The European: You have compared the internet to a box of LEGO. What is the conceptual understanding behind that comparison?
Surman: The internet has a very simple message for us: “Build me”. It is a very open-ended system with the explicit invitation to develop it as we move along. It can become anything you want it to be. It can be Wikipedia, Facebook or visual art. It’s this open endedness that has driven so much wealth, productivity and creativity.
The European: One recent development has been the idea of the app. Apps are powerful tools in terms of creativity but in their current use might signal a return to the internet of closed spaces. The App Store says “Build Me” with a lot of fine print.
Surman: I think we need to step back and unpack what is happening with apps. The current version of apps is a threat to the internet and bad for consumers. A small number of companies like Apple or Google control over who gets to bring what applications to market. You have to use the set of tools they provide and ask them for permission before you can publish anything. That is not the approach that has thus far driven innovation on the web. If we follow that path, we will soon hit a wall. We would not see new telephone apps because it would not be in the interest of these companies to allow creativity to proceed in that direction. But at the same time the app model is very attractive on a conceptual level. The idea that you can create something quickly and share it with a large number of people is certainly prone to drive innovation. And we now see HTML5 tooling systems appearing that will allow us to create these small, encapsulated programs across platforms very effectively. What we want to do is bring these HTML5 apps to the fore and create an open ended collection of marketplaces where anyone can offer any app to anyone without asking permission from others.

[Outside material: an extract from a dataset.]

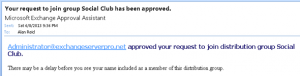 Configuring Membership Approval for Distribution Groups in Exchange Server 2010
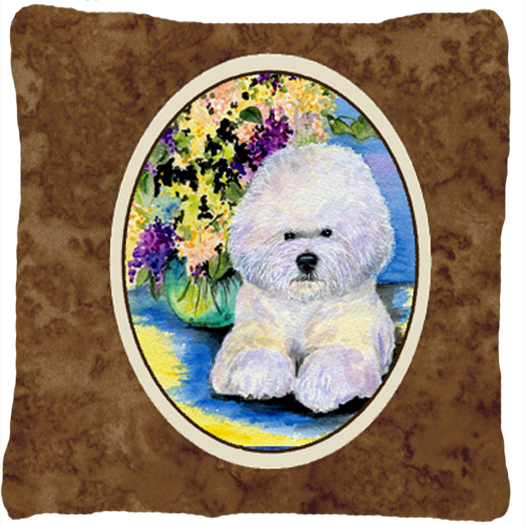 Bichon Frise Decorative Indoor & Outdoor Fabric Pillow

The European: What is the role of profitability in that scenario?
Surman: It is okay that people want to monetize their ideas. The problem arises when there are only one or two channels to do this – where the market isn’t open. That is not how we generally believe the economy should be organized. If I walk across a market square, I should be able to shop wherever I want, and every vendor should be allowed to sell the products they want to sell. On the internet, too, we want an open-web ecosystem. Any app from any store should be able to run on any device.
The European: From the consumer perspective, there is a lot of convenience in the current model. You can buy hardware and software from the same company and end up with a very integrated system.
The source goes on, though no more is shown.